The Federal Government has elevated climate change to a high policy priority. Reducing emissions from the use of fossil fuels attracts much of the attention, and rightly so. However, emissions from forestry account for about 17.5 per cent of global emissions (Intergovernmental Panel on Climate Change 2007). Therefore, changes to land use and management in native forests hold opportunities for significant immediate and prospective reductions in CO2 emissions, along with the potential for further sequestration over coming decades. Australia’s plantation reality makes the realisation of these native-forest opportunities appealing, both economically and environmentally.

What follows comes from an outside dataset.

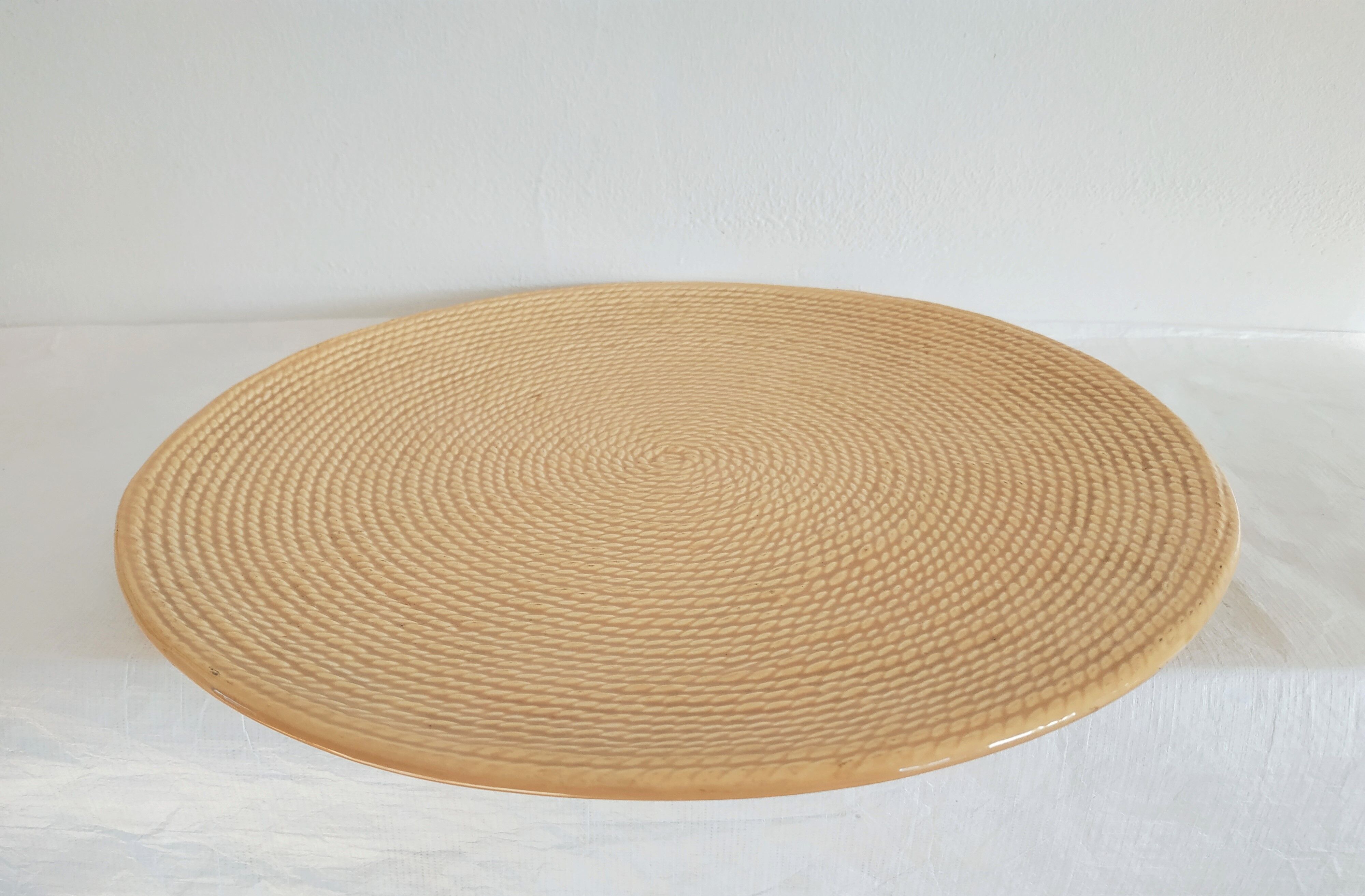 Ceramic dish, braided pattern, Keralux Boch brothers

Once again, gaps in data frustrate policymaking. The Australian Greenhouse Office (AGO) generates valuable information and analysis in many areas but much greater attention is required on the native-forest front. Crucially, the AGO does not report the annual emissions from native-forest logging: emissions are reported net of native-forest sequestration. Using AGO data, Blakers (2008: 4) estimates that logging native forests generates an estimated 38 million tonnes of CO2-e (carbon dioxide equivalent) annually, equivalent to 7 per cent of Australia’s total net greenhouse-gas emissions. Combined with the estimated 11 to 13 per cent contribution of native-forest clearing to Australia’s net emissions over 2005 and 2006 (Australian National Greenhouse Accounts), deforestation and native forest degradation from logging accounts for emissions equivalent to 20 per cent of Australia’s annual net greenhouse-gas emissions.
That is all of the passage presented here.